# What is required
Within the material below, locate the line with "平和祈念展示資料館（東京都新宿区）で自らの体験を語る西倉さん＝西倉さん提供" and the line with "メモシンプル帳のデスクからの黒い金ゴールド ノートパッド", then return those two lines and all lines between them, exactly as written.
Start of Block
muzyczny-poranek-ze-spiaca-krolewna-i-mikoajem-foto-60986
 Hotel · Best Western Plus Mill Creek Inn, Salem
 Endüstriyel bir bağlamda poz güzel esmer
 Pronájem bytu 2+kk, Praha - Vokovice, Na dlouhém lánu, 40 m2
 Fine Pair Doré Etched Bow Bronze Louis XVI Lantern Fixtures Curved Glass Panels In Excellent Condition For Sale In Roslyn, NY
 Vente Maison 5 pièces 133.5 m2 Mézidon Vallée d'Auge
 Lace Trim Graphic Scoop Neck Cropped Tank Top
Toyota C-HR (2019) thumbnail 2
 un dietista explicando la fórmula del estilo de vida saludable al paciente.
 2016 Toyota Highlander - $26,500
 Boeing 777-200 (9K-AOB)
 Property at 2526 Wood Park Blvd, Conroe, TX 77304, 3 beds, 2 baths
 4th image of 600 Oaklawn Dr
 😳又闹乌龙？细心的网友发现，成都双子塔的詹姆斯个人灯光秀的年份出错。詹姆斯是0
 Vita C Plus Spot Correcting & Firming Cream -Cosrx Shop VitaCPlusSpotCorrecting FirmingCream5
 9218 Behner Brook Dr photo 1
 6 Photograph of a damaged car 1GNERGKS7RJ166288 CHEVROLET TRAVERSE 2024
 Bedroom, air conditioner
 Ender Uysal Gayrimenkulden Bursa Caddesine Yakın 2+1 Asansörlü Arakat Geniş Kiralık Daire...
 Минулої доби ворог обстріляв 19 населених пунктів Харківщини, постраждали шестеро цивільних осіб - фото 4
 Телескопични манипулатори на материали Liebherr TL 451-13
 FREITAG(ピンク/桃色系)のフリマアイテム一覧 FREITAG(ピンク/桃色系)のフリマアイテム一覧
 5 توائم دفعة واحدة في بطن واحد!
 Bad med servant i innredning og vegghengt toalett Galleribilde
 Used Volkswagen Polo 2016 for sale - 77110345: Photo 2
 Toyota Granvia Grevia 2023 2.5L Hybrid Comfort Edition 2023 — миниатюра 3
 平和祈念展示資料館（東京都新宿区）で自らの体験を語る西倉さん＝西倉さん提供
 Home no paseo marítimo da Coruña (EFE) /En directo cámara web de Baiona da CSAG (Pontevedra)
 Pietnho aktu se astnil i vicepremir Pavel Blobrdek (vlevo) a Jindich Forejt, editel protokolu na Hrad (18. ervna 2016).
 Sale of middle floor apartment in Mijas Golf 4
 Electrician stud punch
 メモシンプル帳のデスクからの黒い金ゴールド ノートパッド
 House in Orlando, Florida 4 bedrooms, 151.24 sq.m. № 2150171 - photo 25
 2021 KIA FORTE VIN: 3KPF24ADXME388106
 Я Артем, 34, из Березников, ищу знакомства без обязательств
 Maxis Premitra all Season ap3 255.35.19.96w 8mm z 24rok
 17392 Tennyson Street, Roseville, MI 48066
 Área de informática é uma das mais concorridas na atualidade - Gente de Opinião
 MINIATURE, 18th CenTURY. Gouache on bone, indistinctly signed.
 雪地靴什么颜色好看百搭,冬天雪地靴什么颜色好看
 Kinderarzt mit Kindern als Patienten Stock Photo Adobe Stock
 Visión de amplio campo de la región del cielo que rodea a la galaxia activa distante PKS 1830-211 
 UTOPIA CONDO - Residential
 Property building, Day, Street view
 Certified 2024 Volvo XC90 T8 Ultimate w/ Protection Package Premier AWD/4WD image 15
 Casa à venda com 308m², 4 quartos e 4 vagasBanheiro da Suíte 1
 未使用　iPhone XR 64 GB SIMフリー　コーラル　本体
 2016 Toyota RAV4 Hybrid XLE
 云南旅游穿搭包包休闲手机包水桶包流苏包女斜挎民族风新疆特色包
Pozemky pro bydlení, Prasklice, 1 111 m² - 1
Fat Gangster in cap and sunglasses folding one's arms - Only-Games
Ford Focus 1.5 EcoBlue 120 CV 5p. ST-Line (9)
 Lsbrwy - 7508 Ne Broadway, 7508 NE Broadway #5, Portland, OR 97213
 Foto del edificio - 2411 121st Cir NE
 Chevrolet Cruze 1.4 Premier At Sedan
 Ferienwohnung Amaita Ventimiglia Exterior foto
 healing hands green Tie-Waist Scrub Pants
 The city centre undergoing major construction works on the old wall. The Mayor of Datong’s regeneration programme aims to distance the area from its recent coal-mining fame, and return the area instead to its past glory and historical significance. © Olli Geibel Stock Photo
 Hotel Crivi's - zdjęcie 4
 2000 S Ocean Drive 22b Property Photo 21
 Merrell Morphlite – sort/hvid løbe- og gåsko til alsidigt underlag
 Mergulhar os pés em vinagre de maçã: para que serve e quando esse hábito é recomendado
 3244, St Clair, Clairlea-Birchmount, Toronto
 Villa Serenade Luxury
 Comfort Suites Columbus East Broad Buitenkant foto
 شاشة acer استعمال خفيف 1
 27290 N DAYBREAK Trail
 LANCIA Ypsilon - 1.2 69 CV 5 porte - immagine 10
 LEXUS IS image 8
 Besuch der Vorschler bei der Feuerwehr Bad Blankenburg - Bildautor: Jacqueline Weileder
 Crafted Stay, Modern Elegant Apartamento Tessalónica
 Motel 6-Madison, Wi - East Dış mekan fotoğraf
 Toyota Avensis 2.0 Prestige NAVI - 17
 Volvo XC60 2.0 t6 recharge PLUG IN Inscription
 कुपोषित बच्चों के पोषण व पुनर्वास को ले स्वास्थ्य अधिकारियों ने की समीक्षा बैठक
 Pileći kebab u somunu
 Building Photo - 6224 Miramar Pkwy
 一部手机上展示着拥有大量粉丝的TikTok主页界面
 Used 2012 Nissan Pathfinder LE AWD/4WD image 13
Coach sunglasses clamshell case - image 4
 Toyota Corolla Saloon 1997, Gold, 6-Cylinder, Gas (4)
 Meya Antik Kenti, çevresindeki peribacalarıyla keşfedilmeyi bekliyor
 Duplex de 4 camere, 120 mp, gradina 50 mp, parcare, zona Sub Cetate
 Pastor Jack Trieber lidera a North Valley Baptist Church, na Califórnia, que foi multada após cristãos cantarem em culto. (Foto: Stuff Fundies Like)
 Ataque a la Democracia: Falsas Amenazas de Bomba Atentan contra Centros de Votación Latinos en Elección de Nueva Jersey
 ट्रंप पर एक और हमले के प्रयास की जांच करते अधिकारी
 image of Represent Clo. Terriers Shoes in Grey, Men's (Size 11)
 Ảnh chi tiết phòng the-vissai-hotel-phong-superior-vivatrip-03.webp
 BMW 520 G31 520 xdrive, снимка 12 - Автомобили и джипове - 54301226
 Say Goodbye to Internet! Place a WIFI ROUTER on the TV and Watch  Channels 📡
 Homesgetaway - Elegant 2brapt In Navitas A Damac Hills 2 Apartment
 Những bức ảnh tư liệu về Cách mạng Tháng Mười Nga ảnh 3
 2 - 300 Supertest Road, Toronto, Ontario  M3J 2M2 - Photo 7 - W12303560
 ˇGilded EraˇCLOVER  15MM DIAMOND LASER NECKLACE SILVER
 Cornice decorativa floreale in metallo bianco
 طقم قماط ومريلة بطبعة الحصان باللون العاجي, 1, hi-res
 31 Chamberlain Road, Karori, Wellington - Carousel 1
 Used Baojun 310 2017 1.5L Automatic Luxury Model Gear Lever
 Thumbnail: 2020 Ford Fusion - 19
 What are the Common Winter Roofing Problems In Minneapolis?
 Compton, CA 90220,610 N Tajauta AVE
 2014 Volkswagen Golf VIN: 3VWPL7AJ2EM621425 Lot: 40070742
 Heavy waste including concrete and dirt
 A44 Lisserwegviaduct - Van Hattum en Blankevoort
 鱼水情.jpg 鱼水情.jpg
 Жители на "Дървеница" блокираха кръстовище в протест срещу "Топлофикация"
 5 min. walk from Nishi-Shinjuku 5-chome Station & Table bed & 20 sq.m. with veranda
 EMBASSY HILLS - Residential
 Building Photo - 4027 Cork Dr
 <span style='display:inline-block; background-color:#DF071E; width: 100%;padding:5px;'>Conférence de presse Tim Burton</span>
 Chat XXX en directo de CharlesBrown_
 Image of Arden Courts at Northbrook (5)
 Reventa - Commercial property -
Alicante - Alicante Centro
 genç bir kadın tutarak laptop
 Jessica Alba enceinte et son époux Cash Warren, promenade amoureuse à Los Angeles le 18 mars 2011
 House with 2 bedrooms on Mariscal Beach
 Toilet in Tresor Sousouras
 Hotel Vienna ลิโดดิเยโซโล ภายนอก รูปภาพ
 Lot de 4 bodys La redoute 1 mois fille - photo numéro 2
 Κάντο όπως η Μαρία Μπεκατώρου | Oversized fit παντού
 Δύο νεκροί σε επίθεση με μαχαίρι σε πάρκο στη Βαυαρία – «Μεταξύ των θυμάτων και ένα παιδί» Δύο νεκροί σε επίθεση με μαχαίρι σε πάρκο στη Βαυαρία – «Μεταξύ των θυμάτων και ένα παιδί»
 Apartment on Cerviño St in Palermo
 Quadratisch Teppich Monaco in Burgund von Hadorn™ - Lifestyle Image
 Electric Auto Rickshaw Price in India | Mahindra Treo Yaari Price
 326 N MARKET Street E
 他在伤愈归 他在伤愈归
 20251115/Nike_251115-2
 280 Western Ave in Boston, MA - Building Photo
End of Block
# Reply
 平和祈念展示資料館（東京都新宿区）で自らの体験を語る西倉さん＝西倉さん提供
 Home no paseo marítimo da Coruña (EFE) /En directo cámara web de Baiona da CSAG (Pontevedra)
 Pietnho aktu se astnil i vicepremir Pavel Blobrdek (vlevo) a Jindich Forejt, editel protokolu na Hrad (18. ervna 2016).
 Sale of middle floor apartment in Mijas Golf 4
 Electrician stud punch
 メモシンプル帳のデスクからの黒い金ゴールド ノートパッド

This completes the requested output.